Beer geeks tweak promospeak
Tuesday, February 5, 2008
4:47 PM
While trying to
bone up on my beer knowledge before the big beer festival this weekend, I heard the term
cross drinker ridiculed on an old
Craft Beer Radio podcast.
With a little investigation I was able to find the
promotional copy they were commenting on:
Cross Drinking Without Social Stigma
What's hot in wine? Beer! Cross-drinking wine experts dare to declare that America's craft beers change the way wine drinkers think about malt beverages. Join this panel of talented tasters as they chuck their corks for brown-bottle fare and tell all about this latest beverage trend. Along the way, you'll get a first-hand glimpse into the palates and preferences of three of the food worlds' most savvy cross drinkers.
Cross drinking,
cross drinker... after you filter out all the bad search results, these terms hardly appear at all on the Internet. I was able to find only one other cite for this sense, in a
September 2002 user review at
beeradvocate.com.
Just as rare is another,
slightly older sense of
cross-drinking: "to drink a certain variety of wine with a food traditionally paired with a different variety."

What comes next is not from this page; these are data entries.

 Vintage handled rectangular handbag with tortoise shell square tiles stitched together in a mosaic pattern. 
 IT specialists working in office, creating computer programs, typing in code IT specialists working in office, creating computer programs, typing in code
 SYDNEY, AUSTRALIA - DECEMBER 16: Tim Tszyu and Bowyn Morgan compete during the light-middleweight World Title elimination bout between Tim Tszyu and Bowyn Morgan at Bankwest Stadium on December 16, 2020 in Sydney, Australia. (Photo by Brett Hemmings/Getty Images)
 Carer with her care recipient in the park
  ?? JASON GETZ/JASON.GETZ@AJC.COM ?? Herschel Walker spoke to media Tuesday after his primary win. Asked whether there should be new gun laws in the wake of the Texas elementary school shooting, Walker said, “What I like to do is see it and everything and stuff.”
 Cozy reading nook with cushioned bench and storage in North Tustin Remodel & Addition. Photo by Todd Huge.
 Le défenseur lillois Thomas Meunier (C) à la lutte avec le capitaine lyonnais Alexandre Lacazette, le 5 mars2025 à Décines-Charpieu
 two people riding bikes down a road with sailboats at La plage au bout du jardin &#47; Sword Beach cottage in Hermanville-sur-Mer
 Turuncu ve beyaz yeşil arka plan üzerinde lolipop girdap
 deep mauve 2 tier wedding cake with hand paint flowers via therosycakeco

Both senses seem fairly transparent in context, and somewhat useful as jargon, so I'm a bit surprised that neither has caught on.
Perhaps the signified in both cases is too uncommon to warrant a signifier?
Alternately — if not for the guffaws of those beer cognesceti — I could even believe that one or both of these terms was in common usage but had somehow eluded Google's myriad tentacles.